Thursday, December 5, 2013

Blood Bonanza & Medical Mishugas

Tree in Lounge at Cancer Center. No music!

This lovely tree (not a Ponderosa Pine - get the connection here?) has been decorated by the staff and shines a few feet from where I wait to be called by the doctor/lab.  No holiday music is played. Perhaps for fear it would be depressing to those with life-threatening health issues awaiting treatment.  Who knows? To me, the screaming silence is more depressing, but what do I know? 

Results of blood work Tuesday afternoon were baffling for the techs and doctor - never a good thing - and so a comic opera with a leitmotif took center stage.

For the first time since this saga began in August, the BC bottomed out at 5.6 (less than 1/3 where it should be) but without visible symptoms. No breathing problems, great colour and clear eyes. They tried again.  Yes, Virginia, another round of blood work which, I was told would not be charged to me.  Isn't that sweet?  (what I wouldn't give for a different kind of round,  preferably straight up - no chaser) Same results. 

Much head-scratching and consultation with other doctors took place beyond my hearing. Sometime during those talks it was decided that since they had no explanation for this anomaly, they'd change the subject. So, the doctor returns all smiles and asks how my back is feeling since the biopsy. (Say, what?)  

Leery of the quick shift in conversation I  said it is still sore and tender to the touch.  It turns out that all his digging - causing the soreness - was an attempt to get liquid marrow (like a Slurpie?) for the Mayo clinic, who said there wasn't sufficient liquid in their previous sample.  This sample was no different.
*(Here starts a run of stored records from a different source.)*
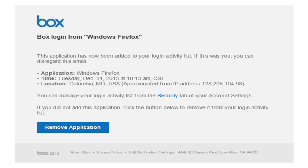Each time you access Box from a new device or browser, Box will send an email to your university account letting you know that this has occurred. This is just in case someone who is not you, who is unauthorized, accesses your Box account. It lets you know right away if that happens.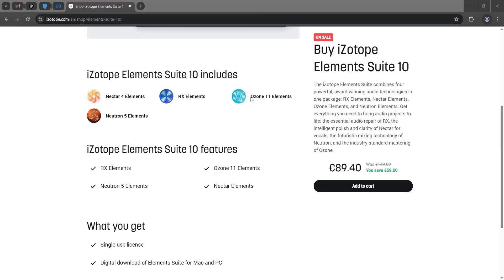So we'll take a look at iZotope's Repair Assistant. That is one of the tools available in RX Elements bundle. We can also get it for cheaper in Elements Suite.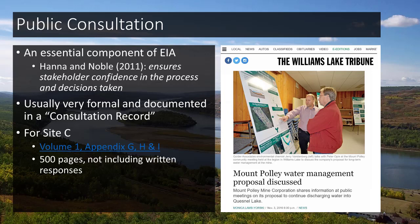As Hannah and Noble say, public consultation is an essential component of EIA — it ensures stakeholder confidence in the process and decisions, if done correctly and if the public is actually open to it, which isn't always the case. In environmental impact assessment, consultation is always documented in a consultation record, and the government will scrutinize that record as closely, if not more closely, than the EIA itself.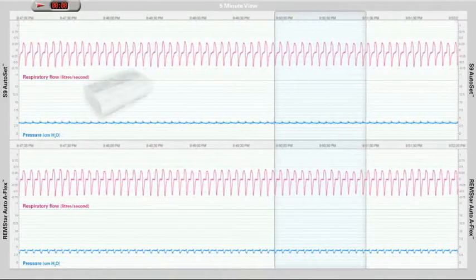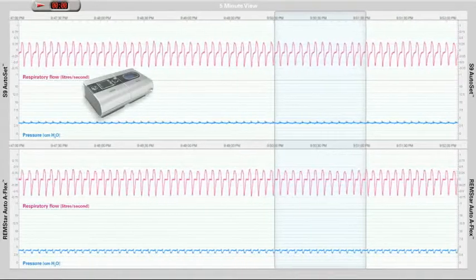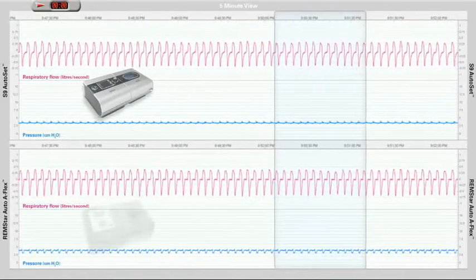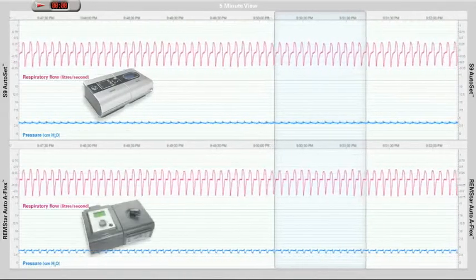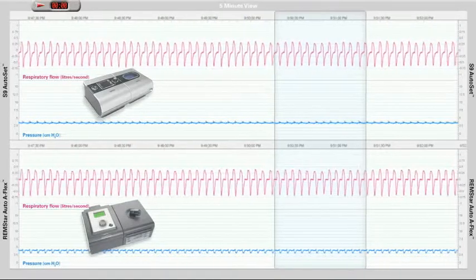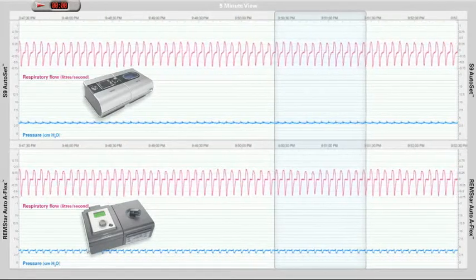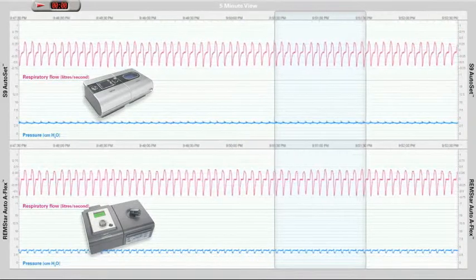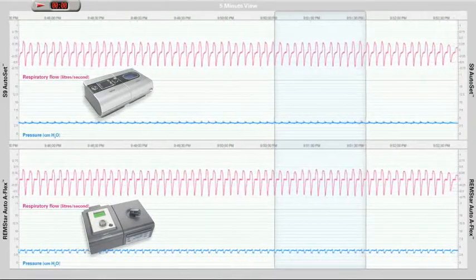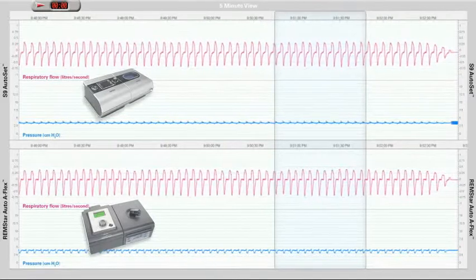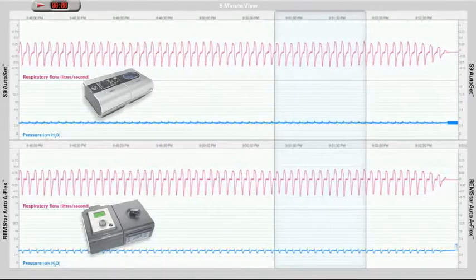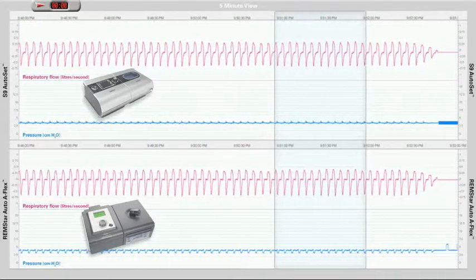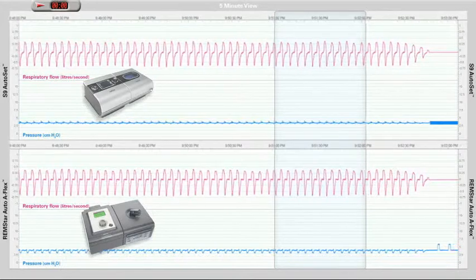The devices tested are ResMed's S9 Autoset device and the Philips Respironics Sleep Therapy System, the Remstar Auto APAP device. Each device is set to its lowest minimum pressure, highest maximum pressure, and maximum comfort setting, which is 3 for both devices.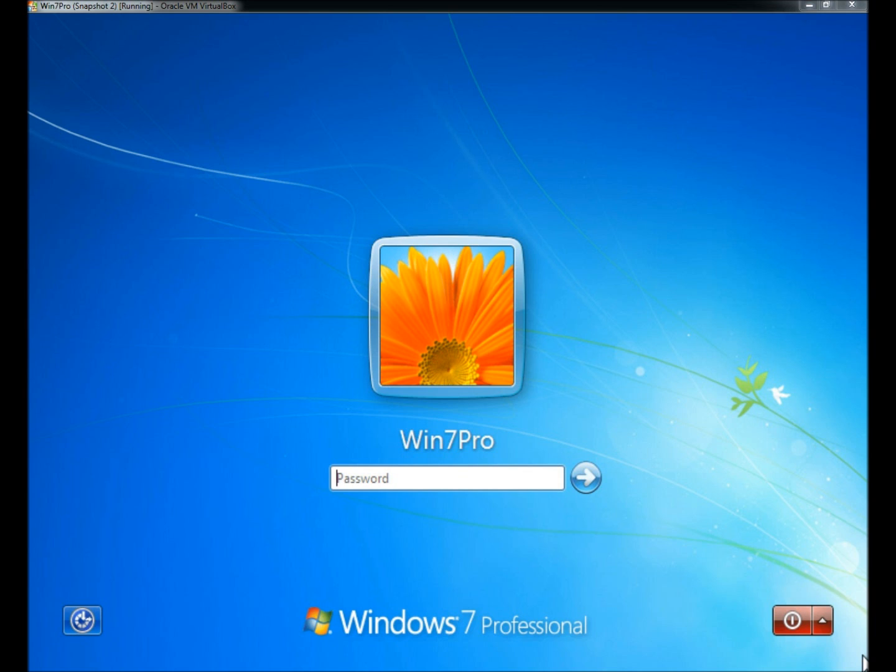The first disc I'm going to show you is Trinity's Rescue Disc. I'm going to restart the computer so it'll boot into it.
The marrow is scarred and thick that no liquid remains.  At least that's what I understood of his convoluted explanation in broken English. He continued to stare at me until I said flatly, "There will be no more biopsies."  He was about to argue when I palmed up and said "talk to the hand, cause the wrist is pissed."  No. More. Biopsies. Period!  He looked so dejected that I almost wanted  to give him a candy bar to cheer him up.  Afraid of possibly shoving it down his throat, I restrained myself.
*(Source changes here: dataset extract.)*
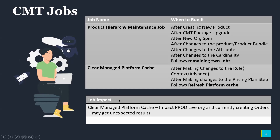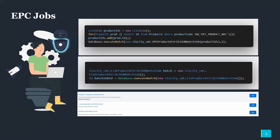The clear managed platform cache removes all the cache data from the platform cache. If during that time someone is using the services, they may not be able to get expected data. Apart from executing the product hierarchy maintenance job, clear managed platform cache job, and refresh platform cache job, sometimes we need to execute certain other jobs — mainly the EPC product attribute JSON job and the fix attribute JSON job.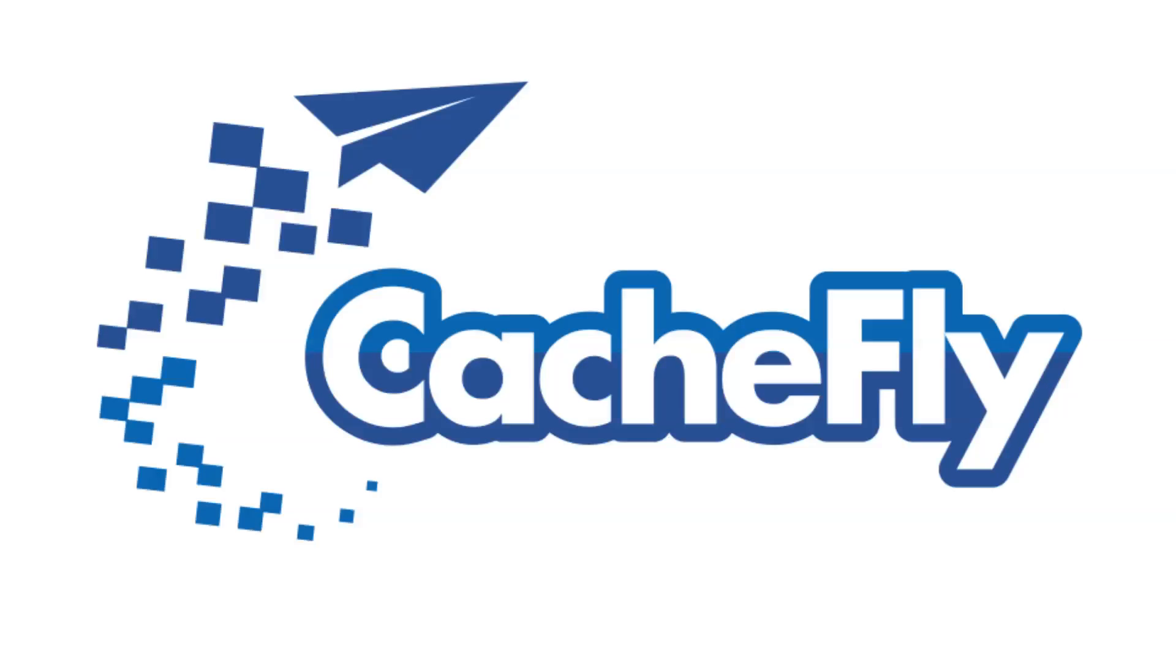Bandwidth for this podcast is brought to you by Cachfly at cachefly.com.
Changing the subject I expressed the on-going frustration with the Hematologist's office and was met (as I suspected) with excuse after excuse: he's a very busy man and I needed to be more flexible, more considerate of his situation.  OK, so where does that leave me?  {Crickets!}

I changed the subject again.  What about the low BC numbers and my festive, physical glow? The answers made little sense to me but here goes: when first diagnosed with Milo Fibrosis (which it seems, I no longer have) it was more white cells that were low thereby causing the weakness, fevers, shortness of breath, etc. These new results however, showed that the red cells were bottoming out, (copy-cats!) evidently causing the appearance of a healthy person - at least until I dropped - but requiring constant monitoring and weekly labs.  OK, but that's what I've been doing.  
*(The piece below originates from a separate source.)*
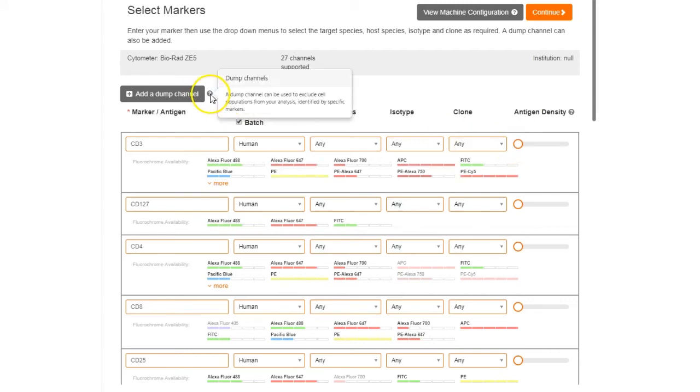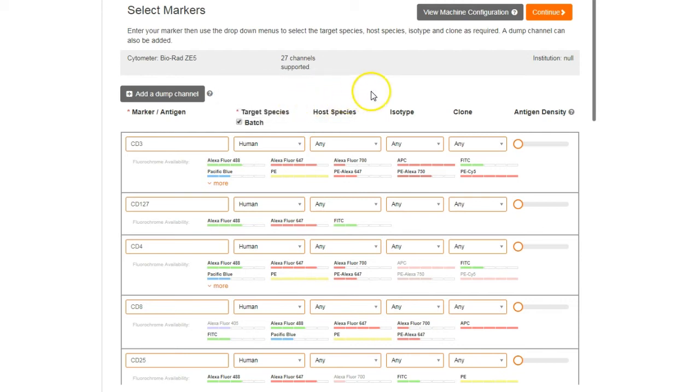The Dump channels feature allows you to exclude cell populations from your analysis. Simply add the markers that you wish to exclude.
Why the sudden difference?  Glad you asked. 

The gift of blood. The blood of others. Each transfusion, while giving new energy also comes with its own set of potential problems and pitfalls. Infections, and alterations to the blood in the body and how the immune system responds to, attacks certain antibodies.  I hope I got this right. 

Back in the hospital, when the white cells were in the basement, I was given 2 shots of Neupogen to give them a boost. Now that the red cells are having a "me too" moment, I need shots of something called Anaresp which, I was solemnly informed, may cause stroke, swelling of face & lips, hives, and heart problems. 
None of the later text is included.